*WHAT IS EXPECTED*.
Nothing but an exact copy is asked for: the lines in the material below from the one with "Calcite with Chalcopyrite" through the one with "Beliani Chaise longue", pictures excluded.

*MATERIAL FOR THE TASK*.
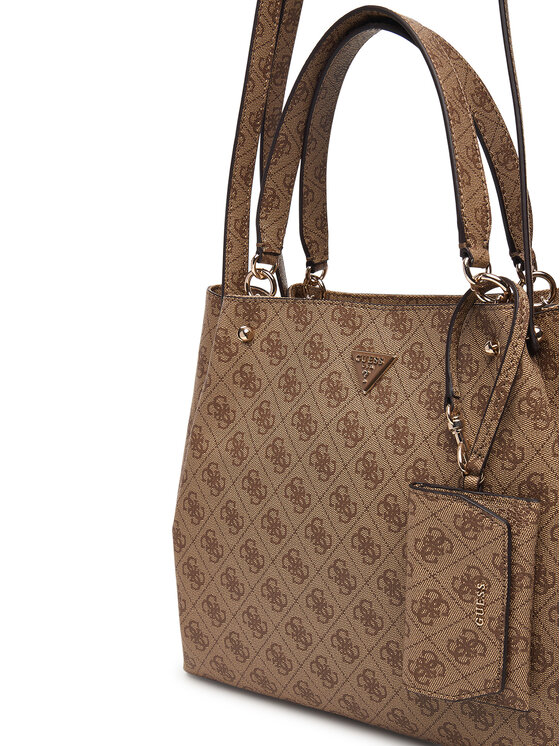 Guess Guess Kabelka Lorella Logo HWSG24 84230 Tmavě béžová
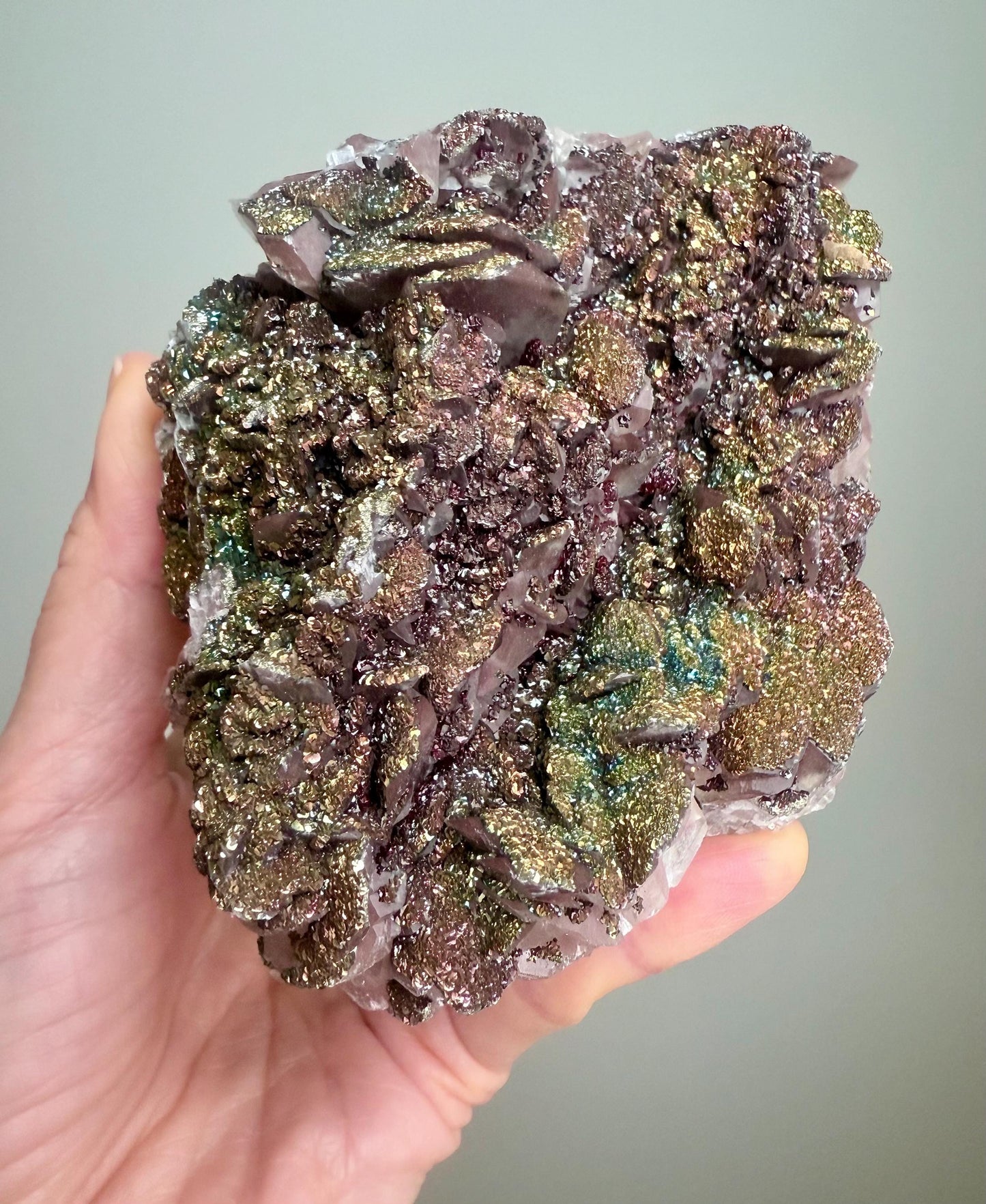 Calcite with Chalcopyrite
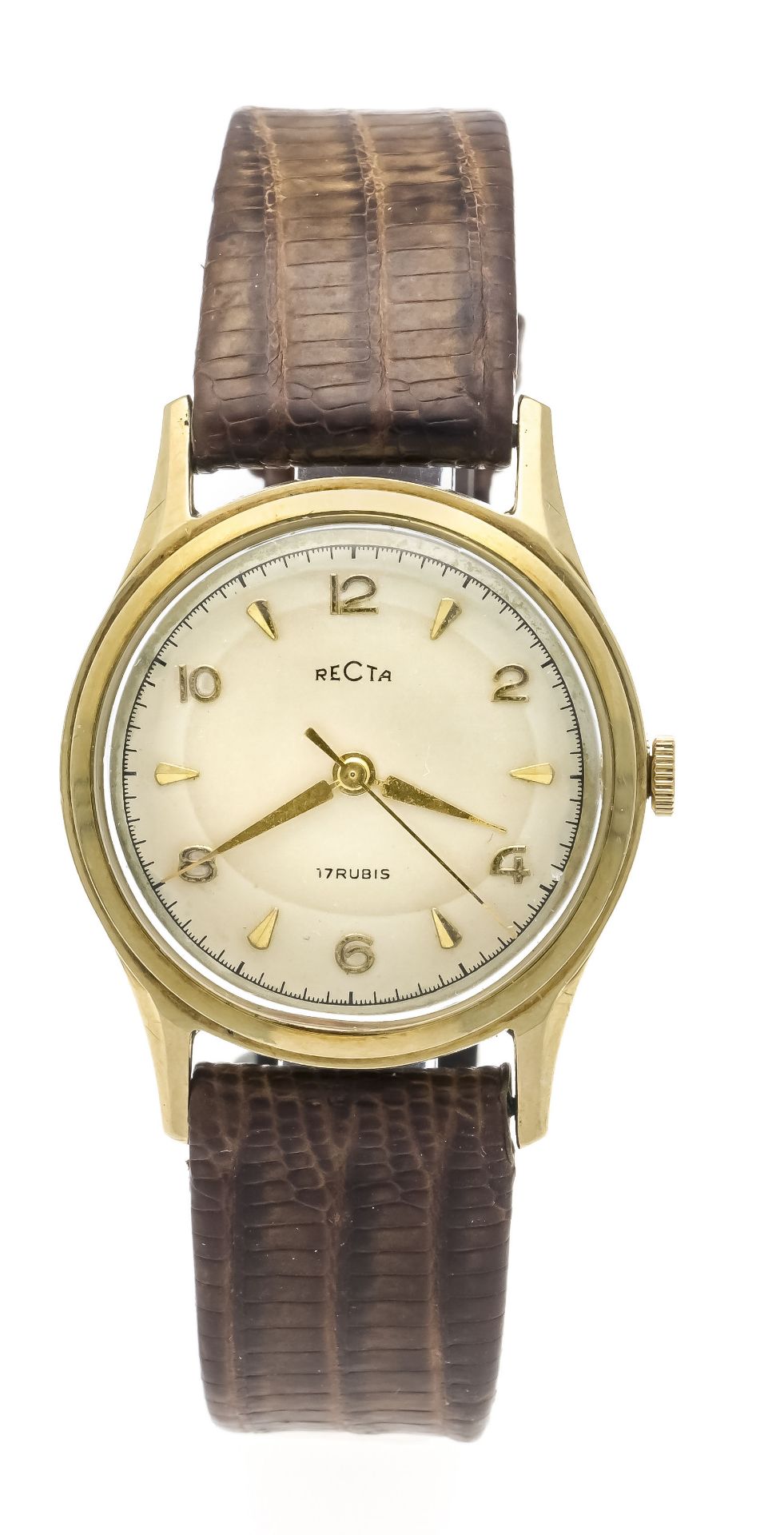 Recta, Herrenuhr 585/000GG, Han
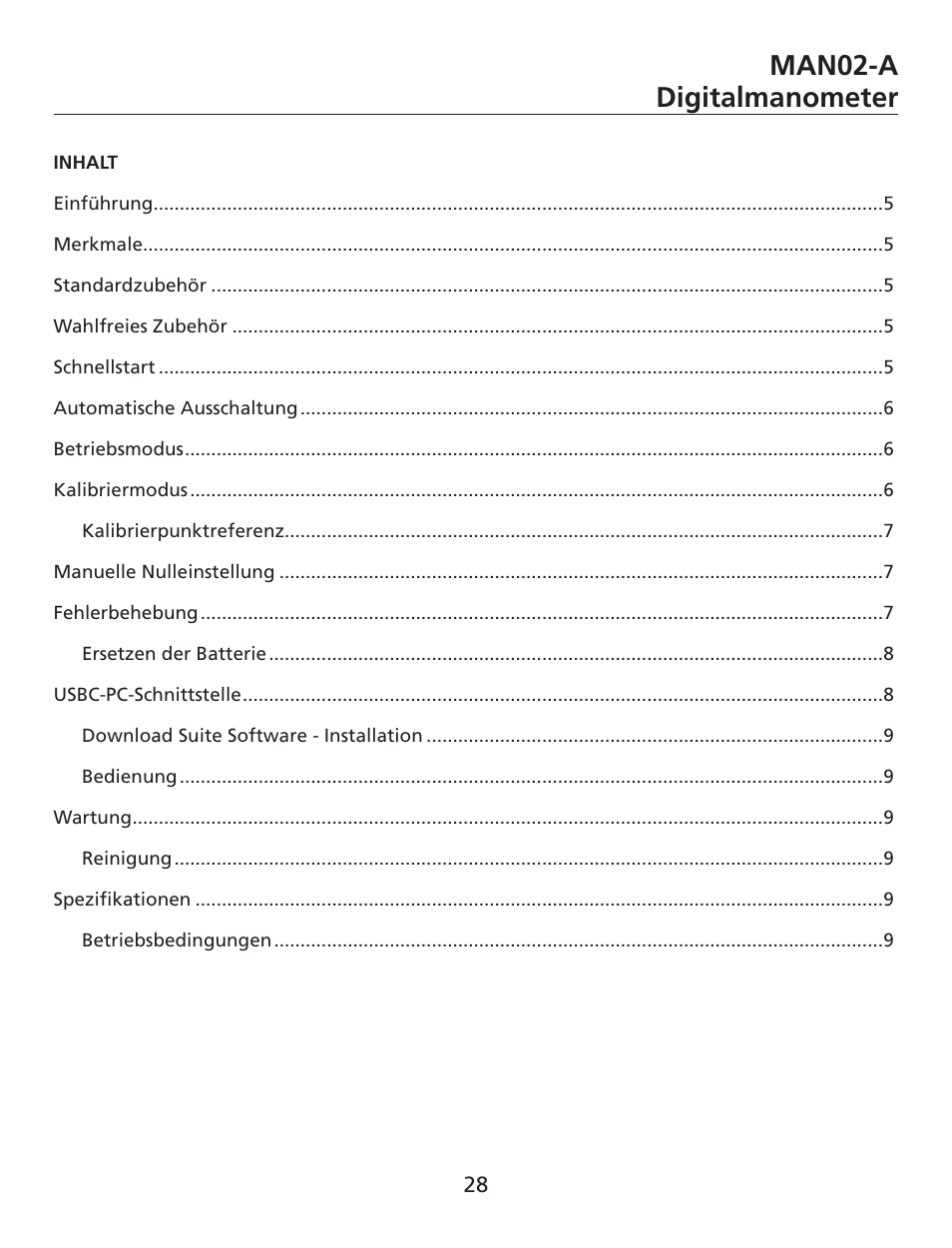 Man02-a digitalmanometer | Amprobe MAN02-A Digital-Multimeter User Manual | Page 29 / 74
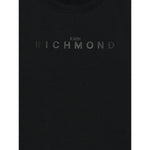 John Richmond Shirt tinta unita con Stampa Nero per Bambino RBA25016TSXXX NERO JOHN RICHMOND 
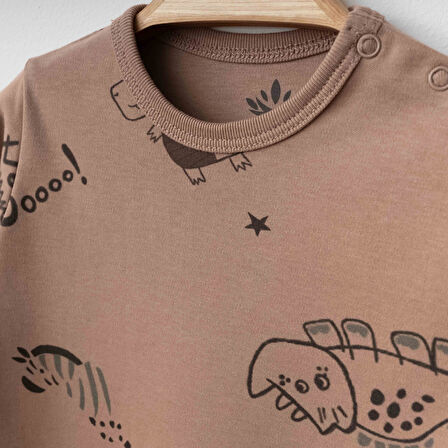 Eslenza Baby Organik 2'li Tulum 0049 Kahve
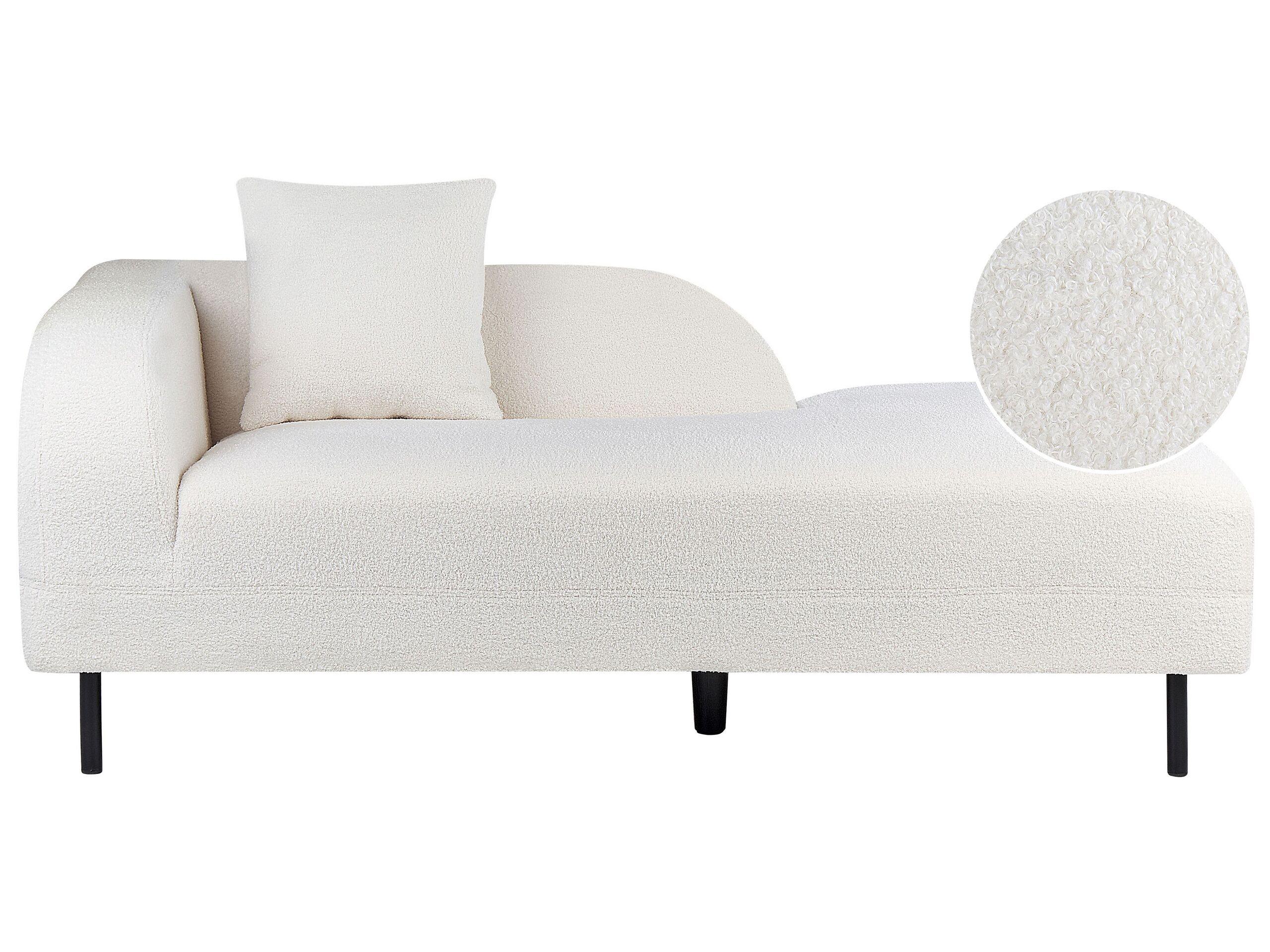 Beliani Chaise longue côté gauche en Bouclé Moderne LE CRAU  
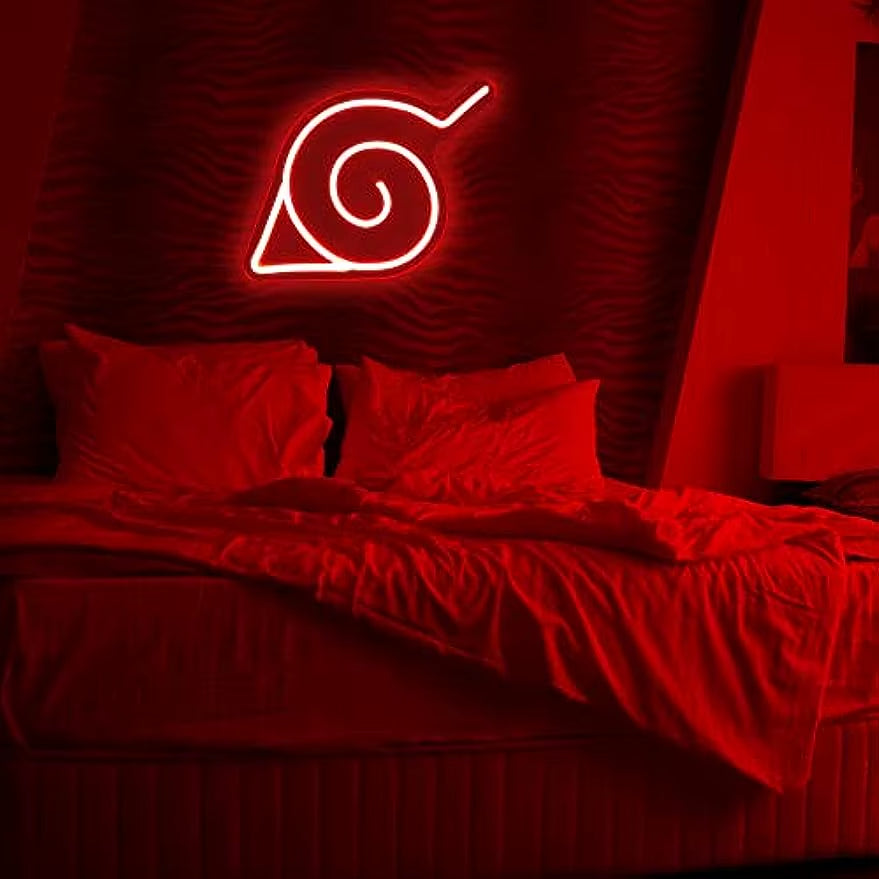 Anime Ninja Neon Sign, Dimmable Anime LED Neon Signs Neon Signs for Wall Decor Light up Signs for Bedroom Living Room Party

*ANSWER BOX*.
 Calcite with Chalcopyrite
 Recta, Herrenuhr 585/000GG, Han
 Man02-a digitalmanometer | Amprobe MAN02-A Digital-Multimeter User Manual | Page 29 / 74
 John Richmond Shirt tinta unita con Stampa Nero per Bambino RBA25016TSXXX NERO JOHN RICHMOND 
 Eslenza Baby Organik 2'li Tulum 0049 Kahve
 Beliani Chaise longue côté gauche en Bouclé Moderne LE CRAU  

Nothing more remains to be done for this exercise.